#### [PROMPT]
Return only the lines running from the one that contains "简约可移动边几带轮客厅沙发侧边几小推车实木小茶几迷你茶水柜" through the end of the entries, exactly, both ends included. Omit pictures.

[ENTRIES SUPPLIED — start]

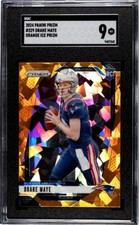 2024 Panini Prizm - Drake Maye (RC) Orange Ice Prizm SGC 9 MT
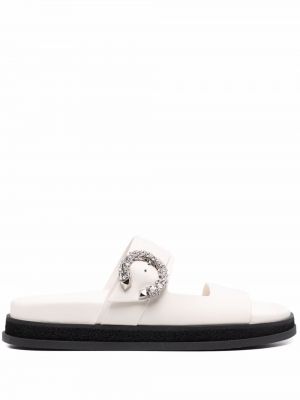 Krystaller flip-flops Jimmy Choo hvit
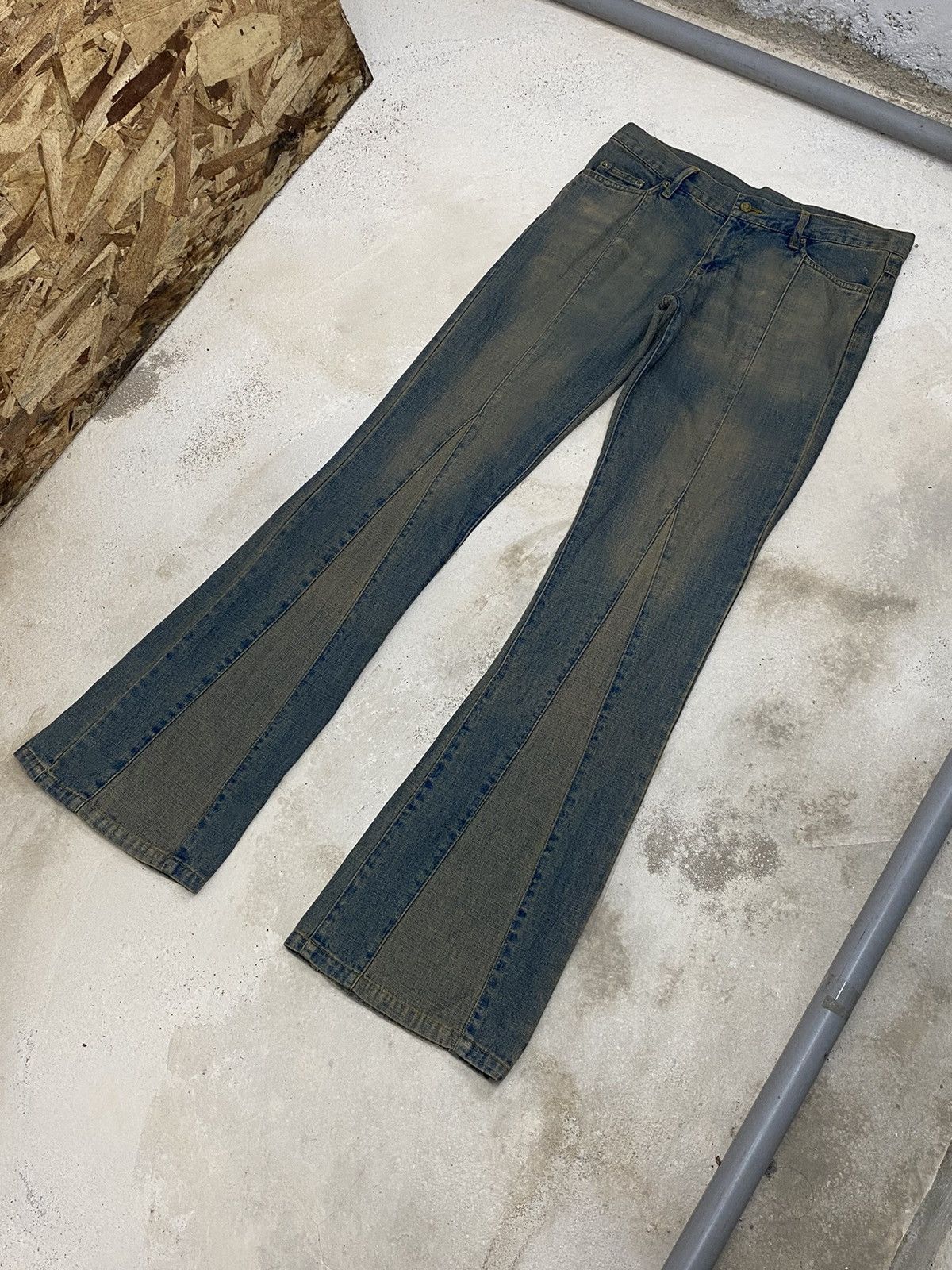 GOSTAR DE FUGA × Hysteric Glamour × If Six Was Nine Vintage 90s Flare Revolt Unisex Jean Retro Punk Mud Washed Size US 30 / EU 46 - 4 Thumbnail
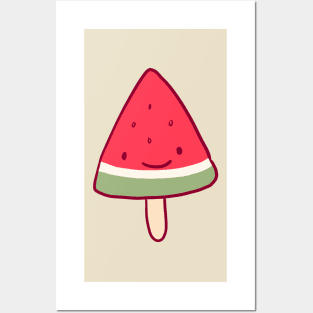 Watermelon Popsicle Posters and Art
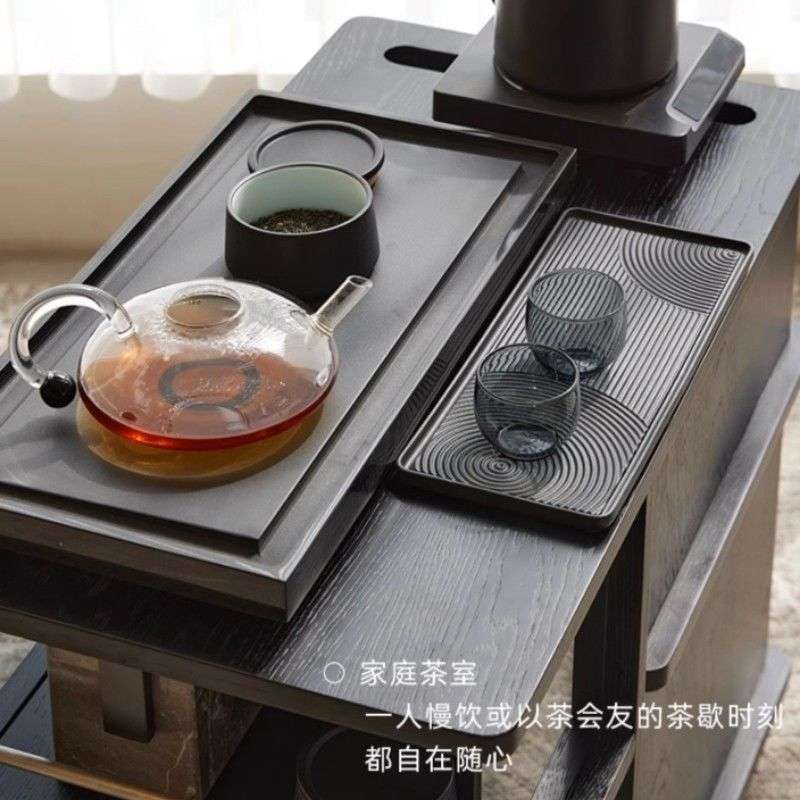 简约可移动边几带轮客厅沙发侧边几小推车实木小茶几迷你茶水柜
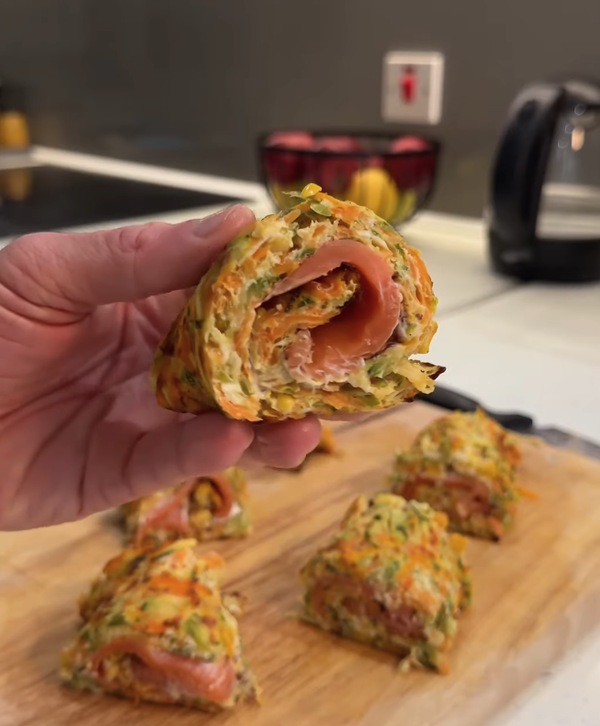 Veggie Salmon Roll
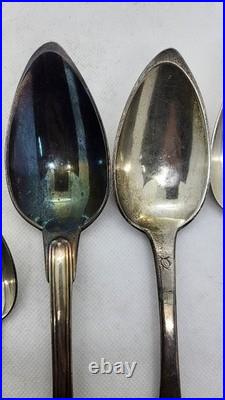 Lot De 9 Couverts En Argent Massif Poincon Minerve De 389 Grammes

[ENTRIES SUPPLIED — finish]

#### [PROBLEM SOLUTION]
 简约可移动边几带轮客厅沙发侧边几小推车实木小茶几迷你茶水柜
 Veggie Salmon Roll
 Lot De 9 Couverts En Argent Massif Poincon Minerve De 389 Grammes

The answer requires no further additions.